Institutional investors and hedge funds will be concerned about their climate impact. A dirtier company might have less interest from these financial institutions than a cleaner company, and we’re not just talking of a potential investor in cycle couriers Zedify but large carriers too.

Weaknesses to regulation

There are weaknesses to both the EU and UK’s regulations – Zedify is too small to be forced to comply with these regulations. The European Commission did consider forcing all SMEs to comply but the cost proportionate to the size of the companies involved could have crippled them. A large company will spend much less per € of revenue than a mid-sized company on complying with the same regulations.

Where these exceptions are given, there are implications for the climate. By far the majority of businesses in the EU and UK will not be affected simply because they are too small. A classic example is the owner-driver hired by Evri or Amazon to do deliveries. Thousands of these owner drivers at least equal the size of the fleets of FedEx, UPS and DHL that ply the EU and UK’s roads. They will not be forced (unless due to a change in contracting company policy) to report or change their ways.

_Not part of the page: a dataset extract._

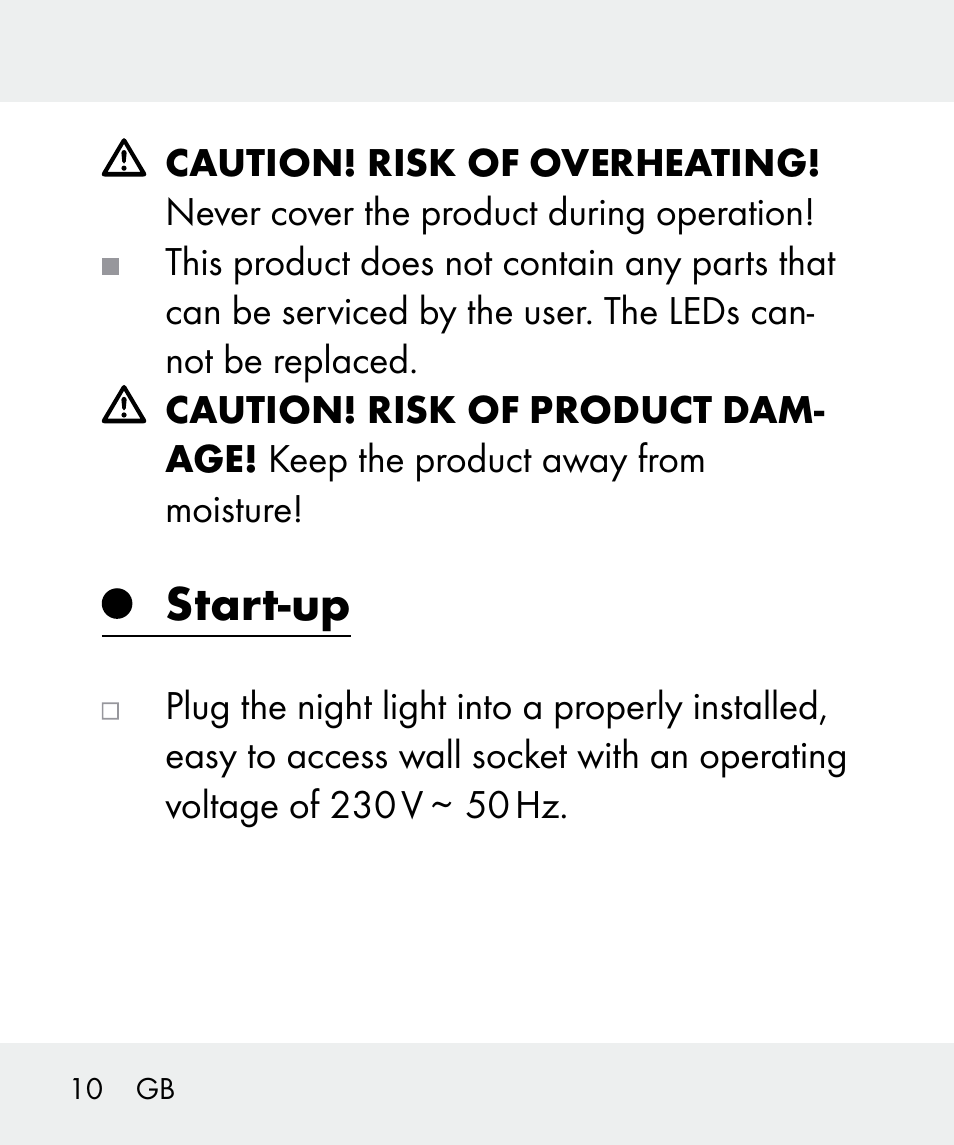 Start-up | Livarno 100933-14-03-BS User Manual | Page 10 / 60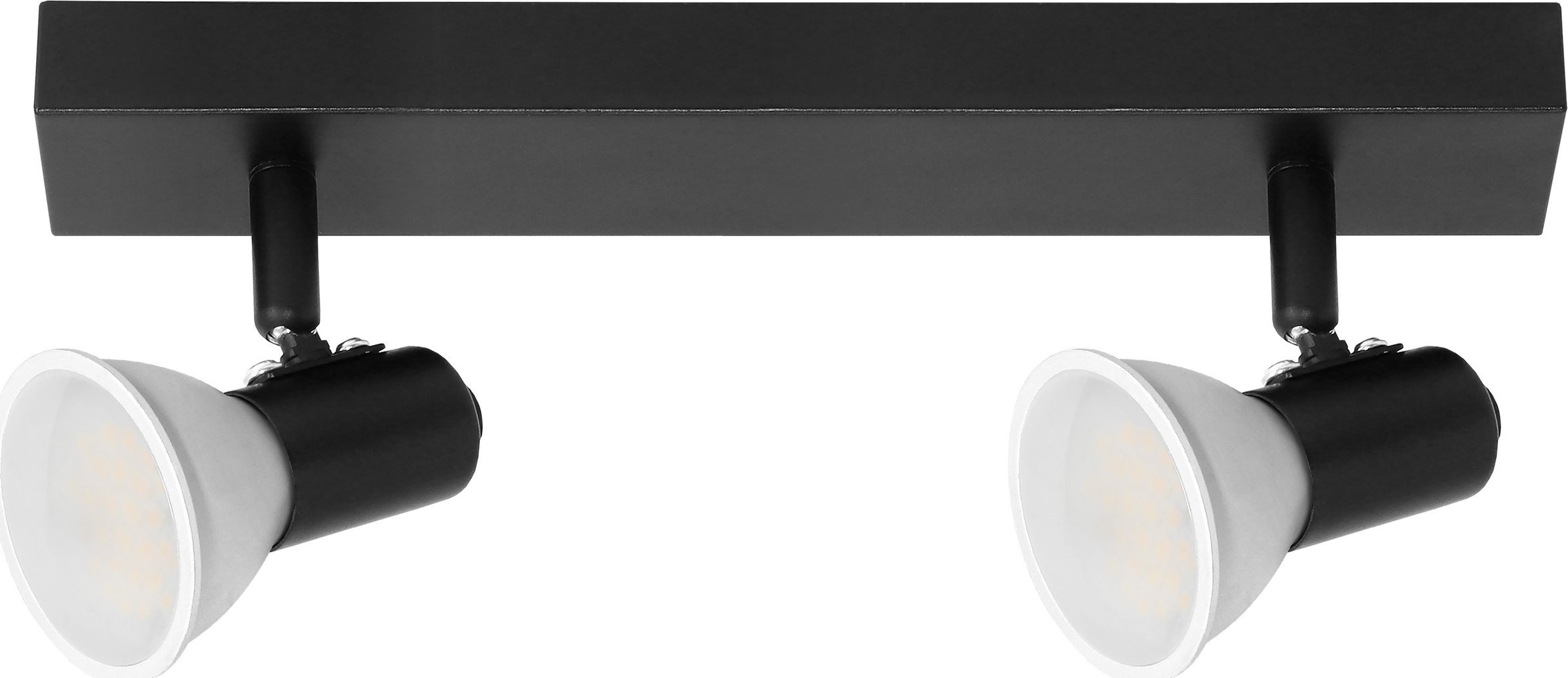 Lampa sufitowa Orno RIO SP 2, oprawa ścienno-sufitowa, GU10 max. 2x60W, IP20, czarna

In the face of the generalised economic malaise that has hit Europe, there has been a pushback against climate regulation. Last week the European Commission instructed the European corporate reporting lab EFRAG not to introduce sector specific reporting to eight industries including those in road transport for two more years. Again, the loser here will be the climate, with the climate once again taking second fiddle to the economy.

Glass half empty or full?

In 2023 it was widely reported that global temperatures had already breached the much warned about 1.5ºC barrier. Fires raged across the Americas, Europe and Asia in summer and typhoons did double loops across the Pacific and Indian Oceans. No one is escaping climate change, and it is high on the mind of stakeholders from the newly burned out holiday home owner in Greece to institutional investors who have to shoulder losses to climate related problems.

The term ‘bureaucracy’ is often used as an 11 letter expletive. The expletive in question was used to good effect in Brexit campaigns. But even the supposedly bureaucracy free UK is affected by new regulations to do with climate change. It is beholden upon logistics businesses large and small to look at ESG not just as another example of the expletive but as a chance to compete. Could Culina be greener than DHL Supply Chain one day? It might just win them business if they try!